Les mauvais jours finiront

« Et quand le travailleur s’endort
il est bercé par l’insomnie
et quand son réveil le réveille
il trouve chaque jour devant son lit
la sale gueule du travail
qui ricane qui se fout de lui »

Un récent bilan ministériel pré-cisait qu’en l’espace de deux semaines (du 12 au 26 octobre), près de 2300 manifestants avaient été arrêtés, et 360 renvoyés devant des tribunaux qui distribuent à la chaîne des mois de prison ferme. En face, on ne compterait que 72 policiers et gendarmes blessés. Si on ajoute à cette pénible comptabilité quelques mesures symboliques comme l’équipe cagoulée du GIPN envoyée place Bellecour à Lyon contre les émeutiers ; les réquisitions administratives de travailleurs pour « atteinte constatée ou prévisible au bon ordre, à la salubrité, à la tranquillité et à la sécurité publiques » ; ou encore l’envoi de l’armée à Marseille pour briser la grève des éboueurs, il est clair que nous vivons des temps de guerre.

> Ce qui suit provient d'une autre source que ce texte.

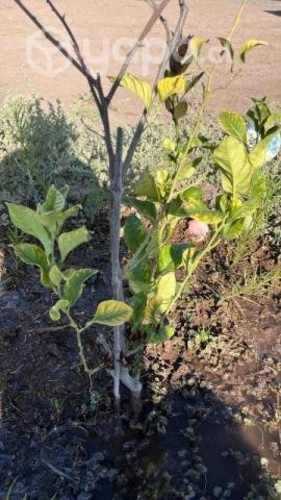 Se vende parcela Valle Fertil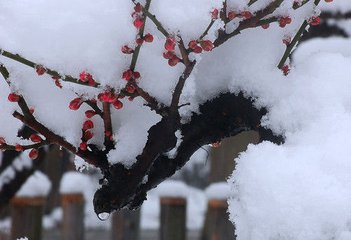 庚午腊中苦寒不雪不雪岭南之常而苦寒为希有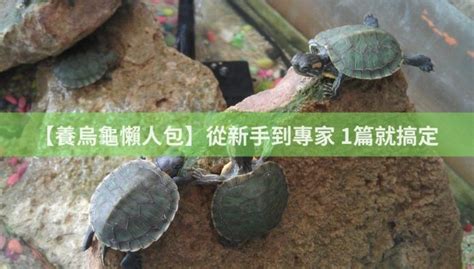 烏龜養|【養烏龜懶人包】：從新手到專家，1篇就搞定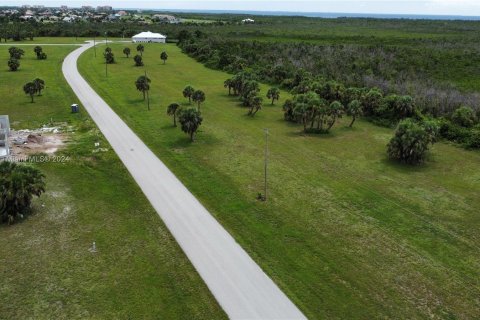 Terrain à vendre à Punta Gorda, Floride № 1182504 - photo 3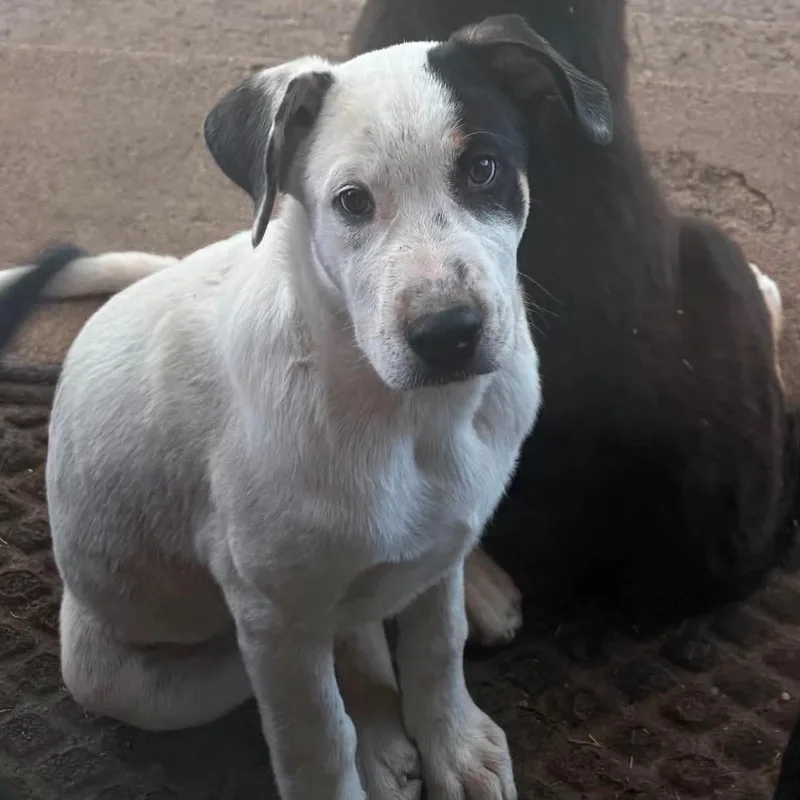 A baby large-sized male Australian Shepherd dog named Seek for adoption in Amarillo, TX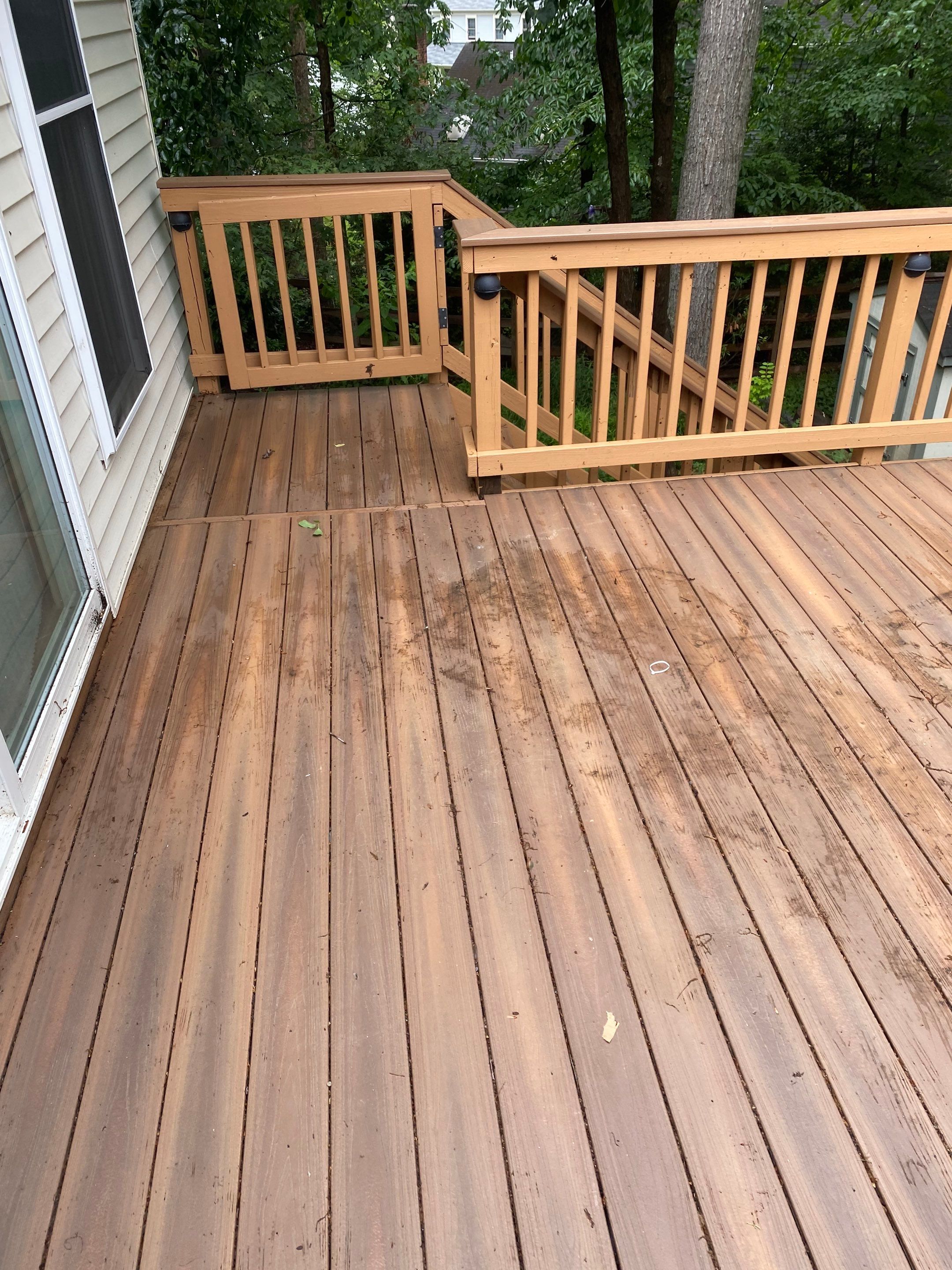 Burke: Multi-Trade Tree Damage Restoration by RM Banning, Inc.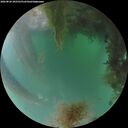./images/calvert/underwater/20260826/underwater20260826_202501M.jpg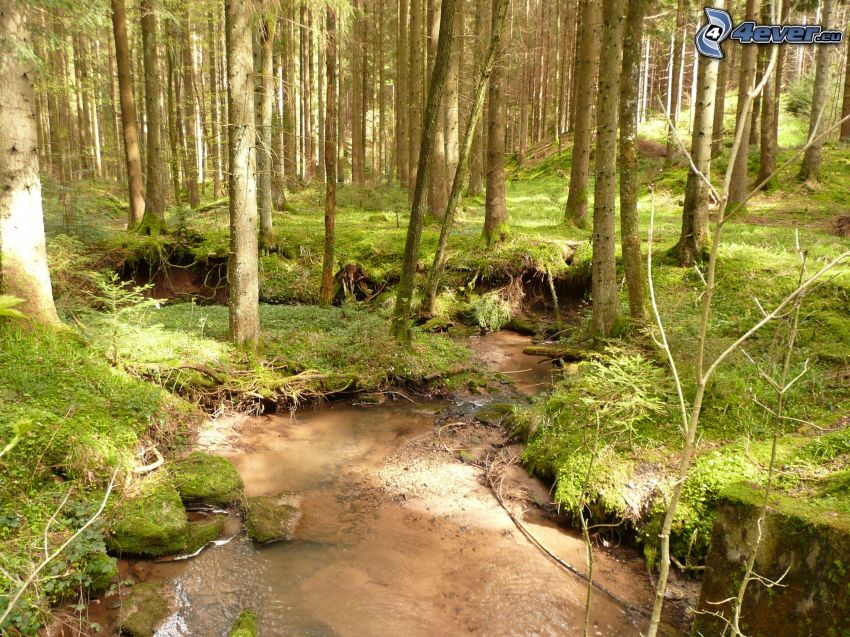 patak az erdőben, zöld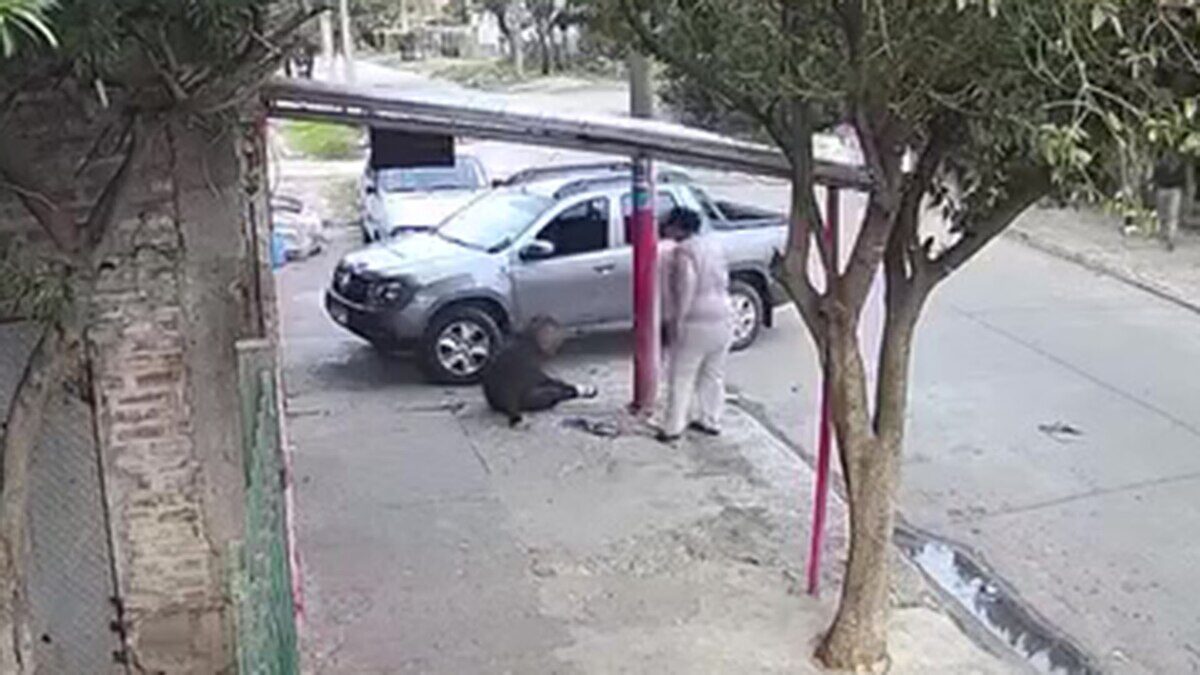 Una persona en la calle junto a un vehículo y un perro en el suelo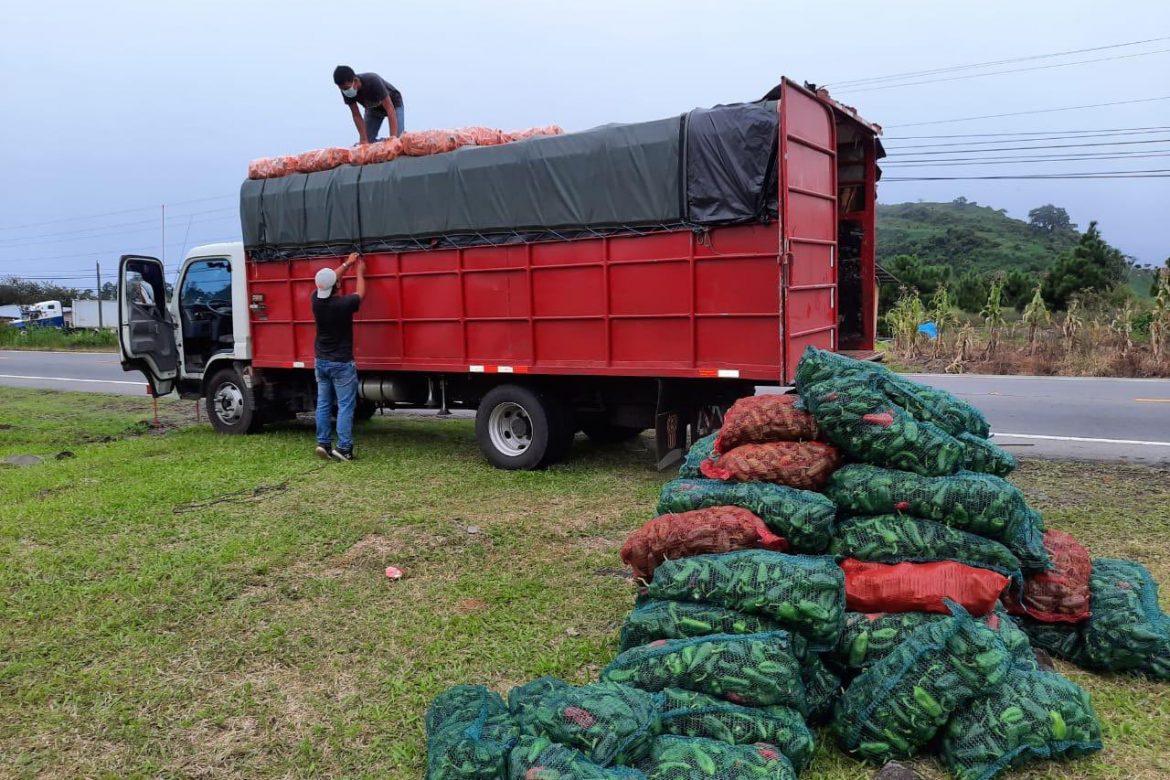MIDA recopila afectaciones al sector agro en Chiriquí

Il faut dire que beaucoup d’entre nous n’ont pas attendu cette loi sur les retraites pour prendre la rue et y exprimer toute notre rage, tant les raisons de se révolter ne manquent pas. Depuis que nous respirons l’air vicié de ce monde de flics et de fric, l’État et les riches veulent nous enfermer dans leurs écoles, leurs bureaux, leurs cages à poules, leurs usines et leurs prisons. Ils tentent de nous contraindre à sacrifier toute liberté contre quelques miettes en fin de mois, contre un sourire à l’assistante sociale ou une courbette au patron du coin. Et si on traîne trop des pieds pour aller enrichir les bourges, on nous menace de crever la gueule ouverte dans la rue ou derrière des barreaux. C’est vrai quoi, nous sommes si fainéants que nous osons rechigner à leur vendre bras, cerveau, sueur et temps.